Payments services company Worldline has joined forces with Google Cloud to enhance its digital transformation.

“Since 2022, Worldline has initiated a ‘Move to Cloud’ program that includes using the cloud to accelerate its digital transformation into a global premium paytech company,” the company said in a news release Tuesday (Jan. 16).

“Accelerating its trajectory, Worldline now plans to leverage Google Cloud’s secure, high-performance, and low-latency infrastructure, enhancing its operational efficiency, optimizing costs, and improving its strategic positioning.”

Worldline, meanwhile, will act as one of Google’s main payment providers in Europe, aiming to offer Google customers “more advanced payment options, support for more payment networks, improved cross-border conversion, and a more streamlined customer experience.”

PYMNTS examined the role the cloud plays in helping financial institutions in the midst of a digital transformation last year, noting that the technology offers benefits that include increased operational efficiency, improved access to software applications and more flexibility for integrating new technologies.

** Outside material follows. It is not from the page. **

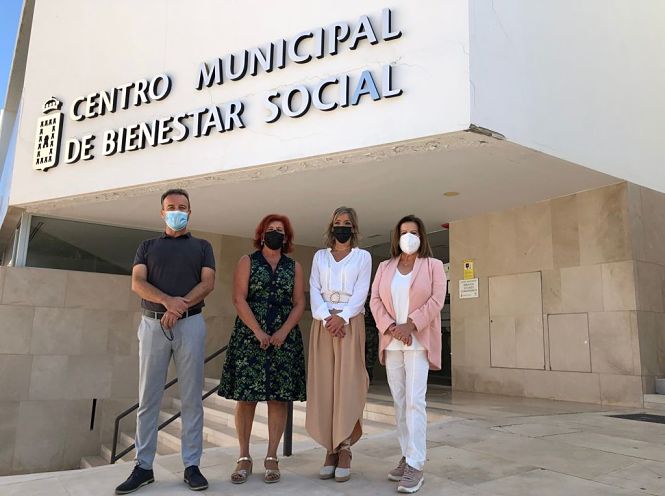 Imagen de la visita a los servicios sociales de Baza (PSOE)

“Such improved capabilities can easily allow banks to reduce costs, introduce new value-added services and improve the end-user experience to encourage customer retention,” that report said. “One survey found that 44% of bank executives said the cloud’s biggest benefit on offer was the ability to automate processes, while 40% said it was the ability to develop new products and services.”

The partnership between Worldline and Google Cloud comes as the tech giant and its cloud contemporaries are boosting their spending in the face of the generative artificial intelligence (AI) revolution.

Capital spending by Google, Amazon and Microsoft jumped to a combined $42 billion for the three months up to September of last year, 10% increase from the prior quarter, the Financial Times reported in November. Analysts, meanwhile, have projected that cloud-related spending will increase further in 2024.

Executives from all three companies have said large amounts of the capital budgets are being set aside for generative AI systems that need vast amounts of computing and data power.

Google CEO Sundar Pichai had said that 70% of generative AI unicorns were using Google Cloud. Between the second and third quarters of last year, the number of active generative AI projects being developed using Alphabet-owned platforms jumped by sevenfold.